[Collection entries]
=== Begin Enclosure ===

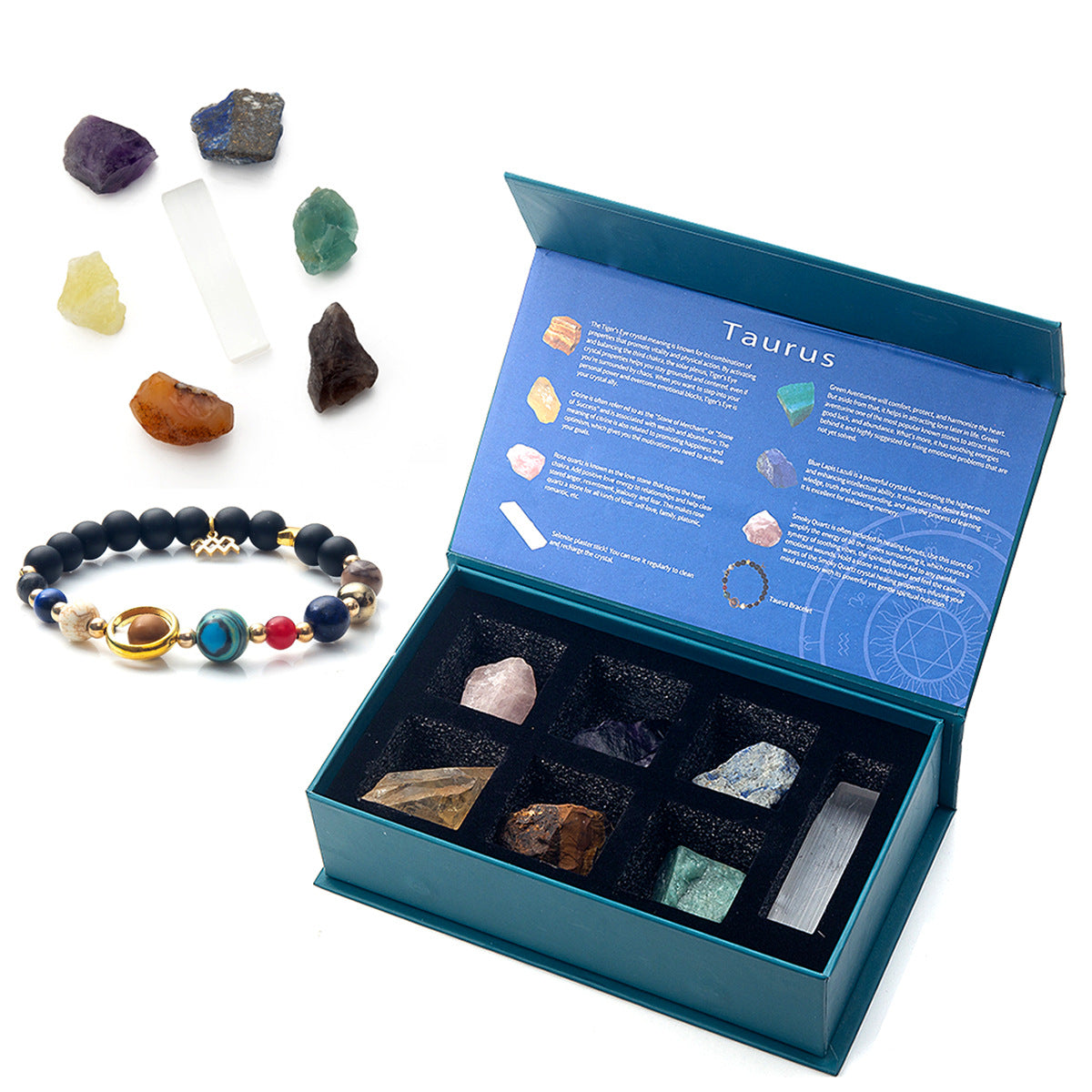 Zodiac Crystal Raw Stone Set | Twelve Constellations Gift Box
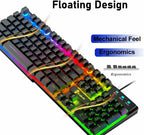 Close-up of RGB Gaming Keyboard, Mouse & Desk Mat Set from another angle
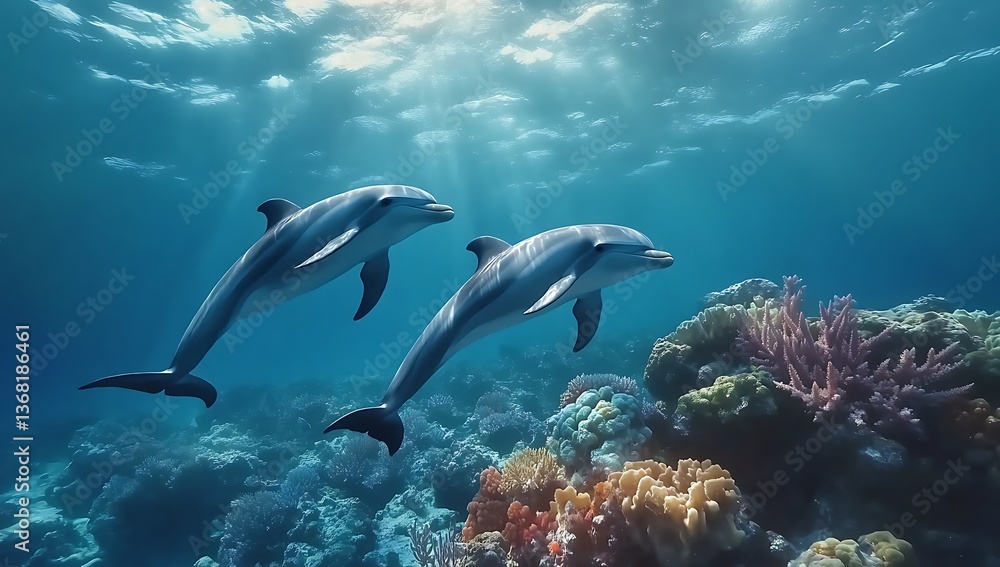 Naklejka premium Dolphins Swimming Underwater Coral Reef Ocean Sunlight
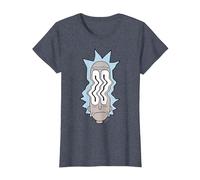 Rick and Morty Rick Waves T-Shirt, Women, Heather Blue, Medium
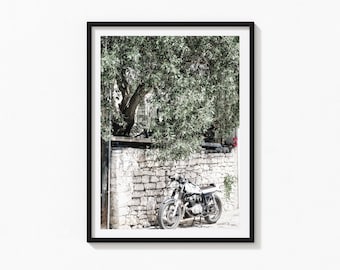 Motorcycle Rustic Village Wall Art Print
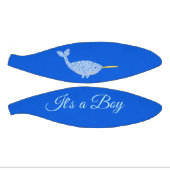 Cute Blue Baby Boy Narwhal Gender onthult Custom Basketbal (Panelen)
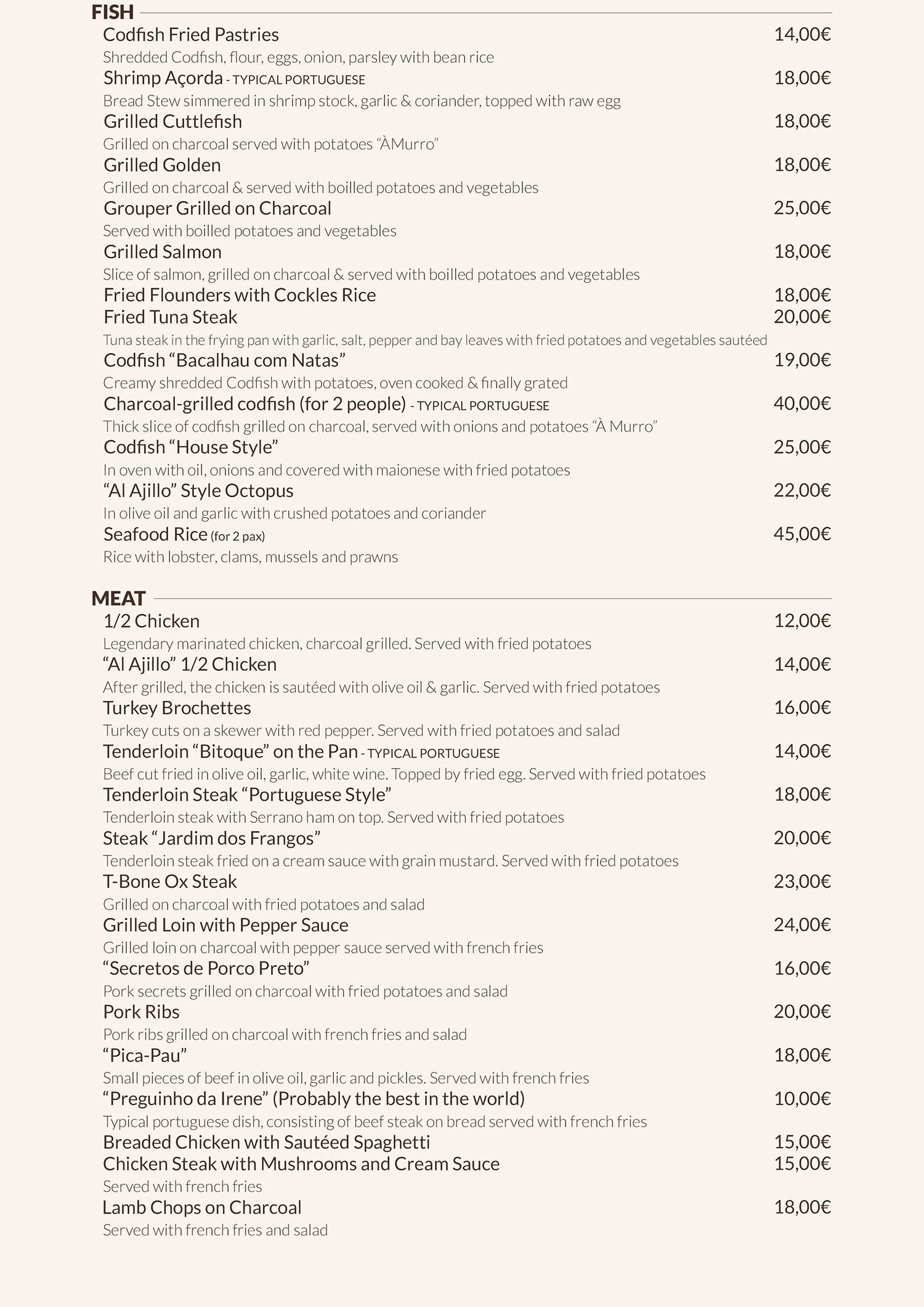 menu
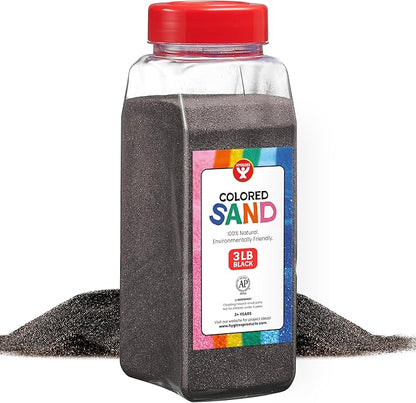 Hygloss Products Colored Play Sand - Assorted Colorful Craft Art Bucket O' Sand, 3 lb, Black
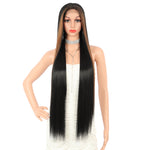 38" Super Long Straight Wigs Lace Front Wigs Middle Part Wig Black with Caramel Highlights Synthetic Wig for Women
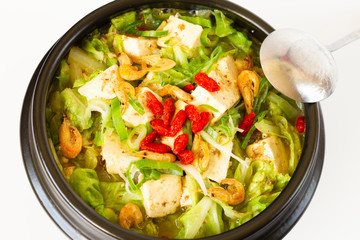tofu cabbage Japanese hot pot close up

=== End Enclosure ===

**PROBLEM**
Copy out the data above to the letter, and keep every picture out of it.

**YOUR RESPONSE**
 Zodiac Crystal Raw Stone Set | Twelve Constellations Gift Box
 Close-up of RGB Gaming Keyboard, Mouse & Desk Mat Set from another angle
 Naklejka premium Dolphins Swimming Underwater Coral Reef Ocean Sunlight
 Rick and Morty Rick Waves T-Shirt, Women, Heather Blue, Medium
 Motorcycle Rustic Village Wall Art Print
 Cute Blue Baby Boy Narwhal Gender onthult Custom Basketbal (Panelen)
 menu
 Hygloss Products Colored Play Sand - Assorted Colorful Craft Art Bucket O' Sand, 3 lb, Black
 38" Super Long Straight Wigs Lace Front Wigs Middle Part Wig Black with Caramel Highlights Synthetic Wig for Women
tofu cabbage Japanese hot pot close up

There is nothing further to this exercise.